**Data records:**
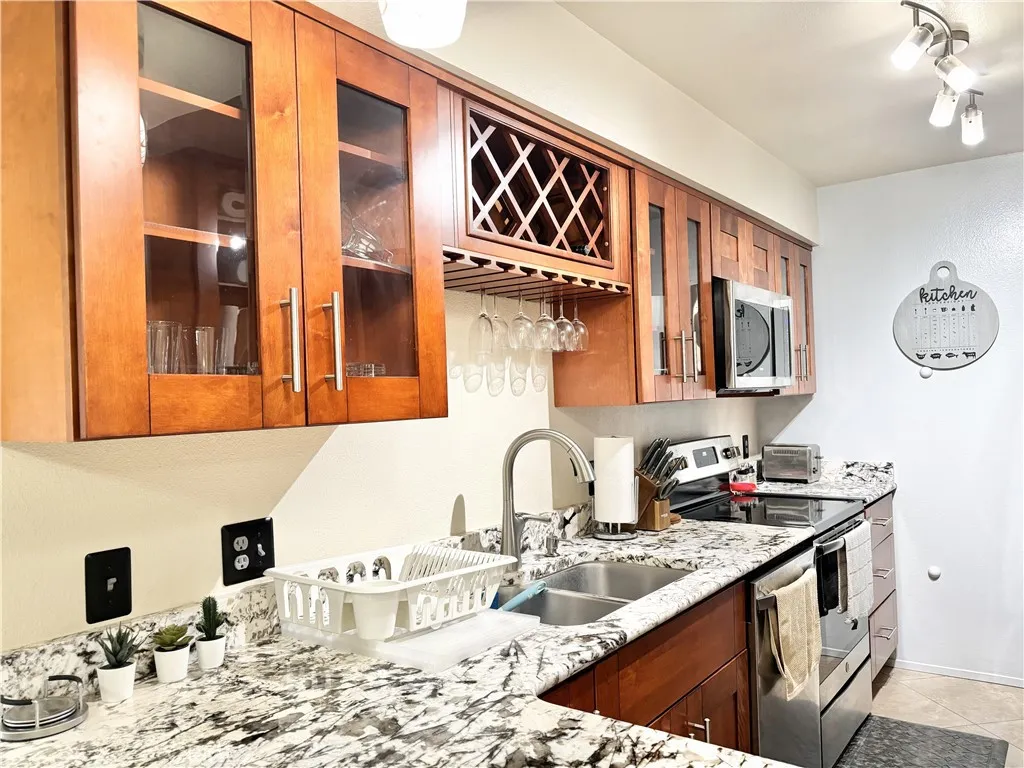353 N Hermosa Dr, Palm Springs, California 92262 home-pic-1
--
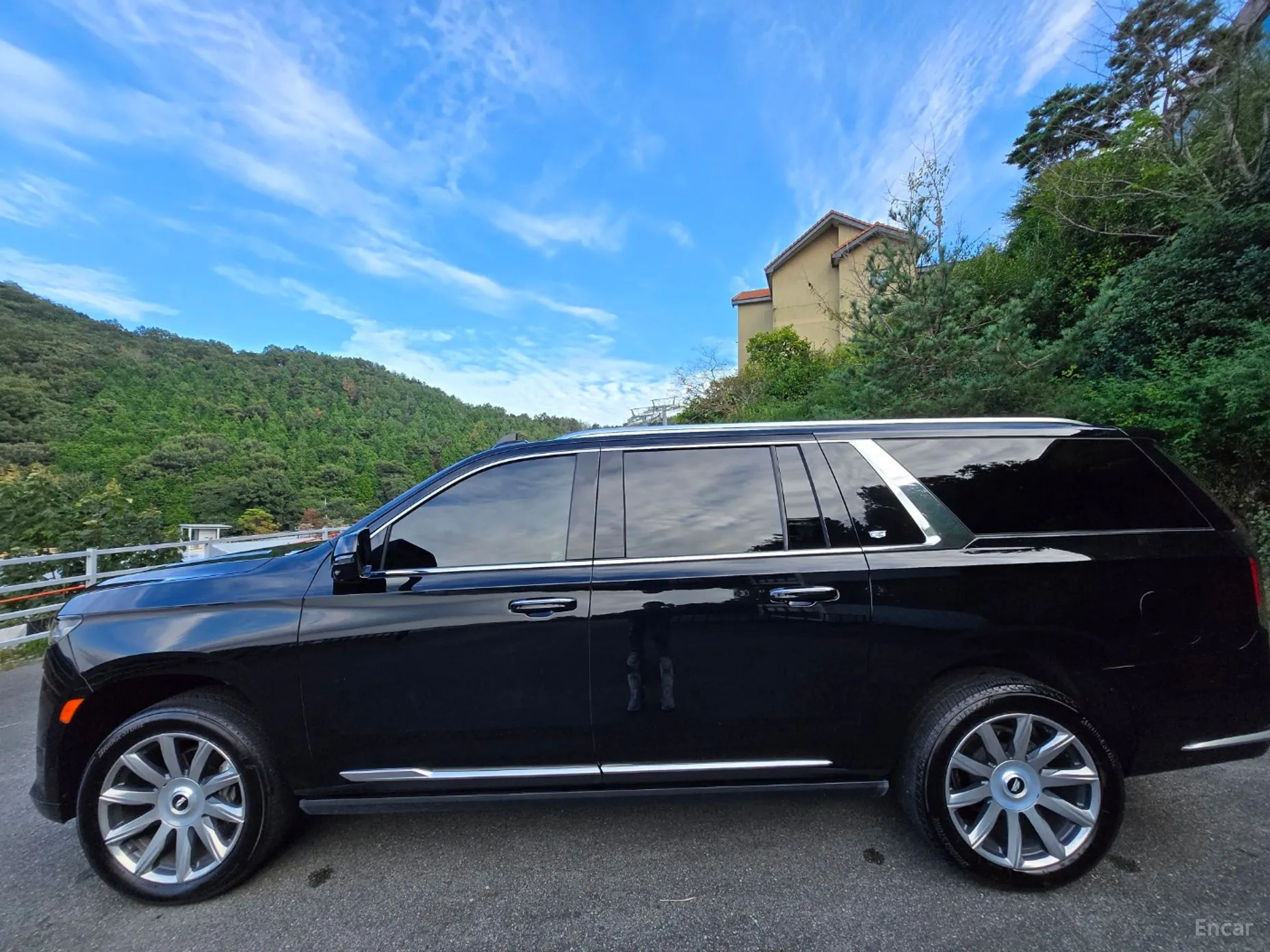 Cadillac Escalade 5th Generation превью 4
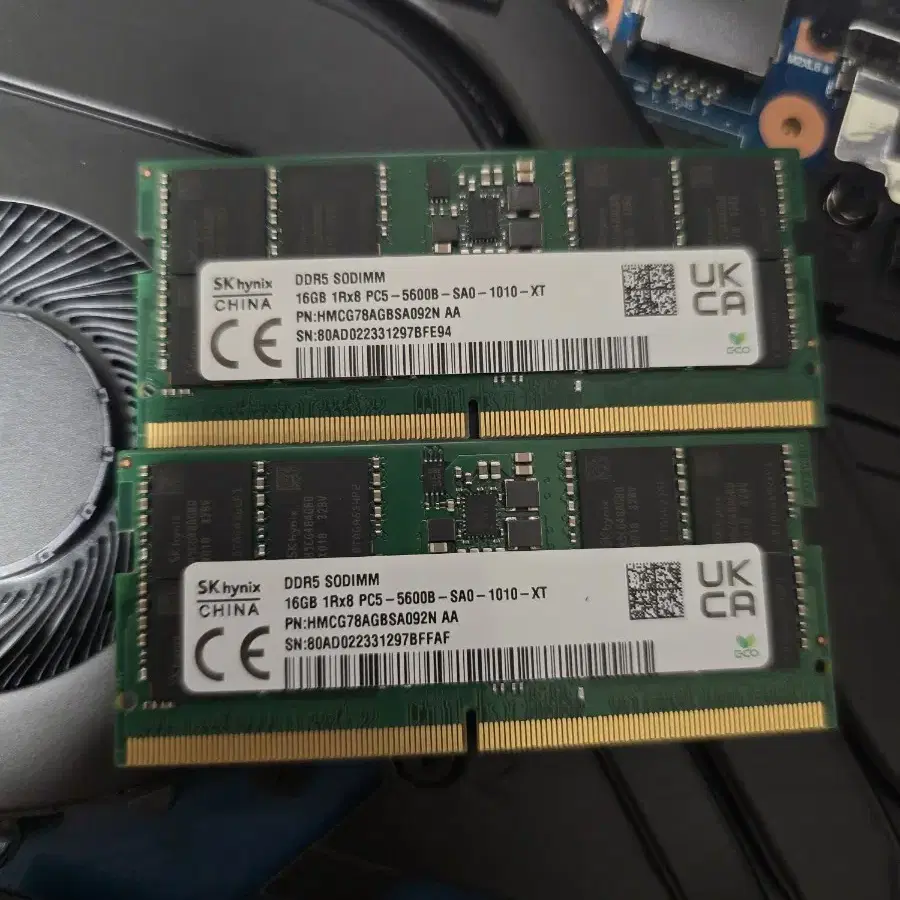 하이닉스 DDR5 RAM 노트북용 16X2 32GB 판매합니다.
==
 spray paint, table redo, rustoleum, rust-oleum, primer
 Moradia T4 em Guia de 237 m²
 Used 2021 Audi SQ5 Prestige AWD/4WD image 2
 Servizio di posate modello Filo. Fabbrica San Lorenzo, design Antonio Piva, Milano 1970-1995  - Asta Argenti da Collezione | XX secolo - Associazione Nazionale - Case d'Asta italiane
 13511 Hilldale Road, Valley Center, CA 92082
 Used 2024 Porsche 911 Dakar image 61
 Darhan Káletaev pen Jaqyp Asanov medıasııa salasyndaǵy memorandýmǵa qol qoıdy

**What you are asked to do:** Within the listing above, the stretch from the line with "Cadillac Escalade 5th Generation превью 4" down to the line with "하이닉스 DDR5 RAM 노트북용 16X2 32GB 판매합니다." is to be given again exactly, end lines included and pictures excluded.

**Answer box:**
 Cadillac Escalade 5th Generation превью 4
 하이닉스 DDR5 RAM 노트북용 16X2 32GB 판매합니다.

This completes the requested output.